** DESCRIPTION OF THE TASK **
Instruction for the data below: set down exactly the lines from the line with "PR1 2AL map" to the line with "WELDCLASS WC-01660 TIG", inclusive, and no others.

** INPUT DATA **
------------

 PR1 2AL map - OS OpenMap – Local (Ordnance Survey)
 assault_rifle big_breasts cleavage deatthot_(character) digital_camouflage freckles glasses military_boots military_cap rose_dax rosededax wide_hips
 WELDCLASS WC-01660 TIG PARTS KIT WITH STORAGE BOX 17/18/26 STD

------------

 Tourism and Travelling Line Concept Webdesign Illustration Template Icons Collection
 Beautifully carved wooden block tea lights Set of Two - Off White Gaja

------------

** ANSWER TO THIS PROBLEM **
 PR1 2AL map - OS OpenMap – Local (Ordnance Survey)
 assault_rifle big_breasts cleavage deatthot_(character) digital_camouflage freckles glasses military_boots military_cap rose_dax rosededax wide_hips
 WELDCLASS WC-01660 TIG PARTS KIT WITH STORAGE BOX 17/18/26 STD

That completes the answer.